Matt Ryan arrived in Atlanta through the 2008 NFL Draft as the third overall pick. The franchise had just endured an awful 4-12 season with a rotating poo-poo platter of Joey Harirngton, Chris Redman and Byron Leftwich at quarterback. That's because just one year prior, Michael Vick had been suspended for the dog fighting ring that would throw his career - and the state of the Atlanta Falcons - into complete disarray.
It's safe to say that a prodigy like Matt Ryan must have felt like a godsend to the Falcons. With 3,440 yards, 16 touchdowns and a rating of 87.7 the first-year starter would not only lead his team to an 11-5 record and a spot in the playoffs, he would also win Offensive Rookie of the Year honors. The Falcons had stumbled into one franchise quarterback just after losing another. Very few franchises can be so lucky.
Since then, Matt Ryan has been a modicum of consistency in the league. He's played in all but two games during his nine-year career and collected four Pro-Bowl invitations along the way. Up until this year, he's also led the Falcons to four playoff berths that produced a 1-4 SU record including a loss in the 2012 NFC Championships to the San Francisco 49ers.
That, in a way, summed up both Ryan and the Falcons. They were seemingly perennial threats in an always topsy-turvy NFC South, but they were hardly ever taken that seriously. Ryan himself would adopt the nickname "Matty Ice", which both described his approach to games…and unfortunately his performance in big ones.
An attitude about Ryan settled in during a dismal, three-year run where the Falcons went 18-30 SU that he was undeniably effective, but it was hard to call him "great", or loft him up in the elite category. There was just no evidence that he could get it done.
Now, a lot of this probably had to do with former head coach Mike Smith who had maligned the team with unimaginative strategies on both sides of the ball. In 2015, the club brought in former Seattle Seahawks defensive coordinator Dan Quinn to complement Ryan's cerebral approach to the game. Kyle Shanahan was then brought in as an offensive coordinator.
The going was rough as the Falcons finished 8-8 SU but the pieces were there. It often takes a couple years for a new coaching staff to gel with the incumbent personnel, and that's exactly what happened this past season.
The Falcons quickly anointed themselves as the best offence in the league, destroying records and becoming one of the top-10 overall producers of all time. Green Bay head coach Mike McCarthy described them as a buzzsaw, and that's about as accurate as you can get with these guys.
Atlanta scored 33.8 points per game this season, and Matt Ryan had the best season of his entire career in the process. With 4,944 yards, 38 touchdowns against just 10 turnovers and a rating of 117.1, Ryan put up MVP-caliber numbers.. Truth be told, it's his award to lose unless the pollsters view Brady as the guy this year.

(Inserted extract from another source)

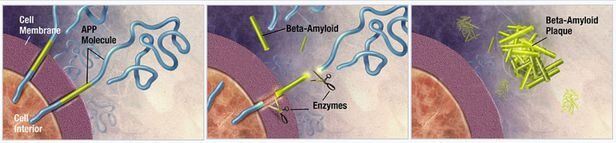 알츠하이머 치매 발생 과정. 베타 아밀로이드(노란색) 단백질은 원래 신경세포를 보호하지만(왼족 그림), 세포에서 떨어져 나와(가운데) 덩어리를 형성하면(오른쪽) 오히려 신경세포를 손상시켜 알츠하이머 치매를 부른다./NIH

So how did all this happen? Why the sudden turnaround? Was it Shanahan? Quinn? Did Ryan just turn a corner? We always prefer to single out one factor, but it's really a combination of all three. Ryan finally had an offensive coordinator who gave him a program he could thrive in, and he had a head coach who was happy to hand him the keys to the car.
We saw it during the Falcons' season on Hard Knocks leading up to the 2014 season. Matt Ryan was a star in the show, displaying the type of professionalism and poise that's needed from your team's best player. He was seen correcting the coaching staff that year on defensive reads, and lecturing his receivers on the types of things that they need to see so he could exploit coverage. Ryan has always been an intense student of the game. We've just been too quick to write him off because of eight lackluster seasons and a lone playoff victory.
It was always going to take a monumental effort to push Ryan into that "elite quarterback" discussion. That's exactly what's happened. Ryan is an example of what happens when consistency and patience allow for the right situation to be created. And now he is on the precipice of establishing himself as one of the best quarterbacks to hurl the pigskin in modern times.
The only thing standing in his way at Super Bowl LI, unfortunately, is the greatest quarterback of all time.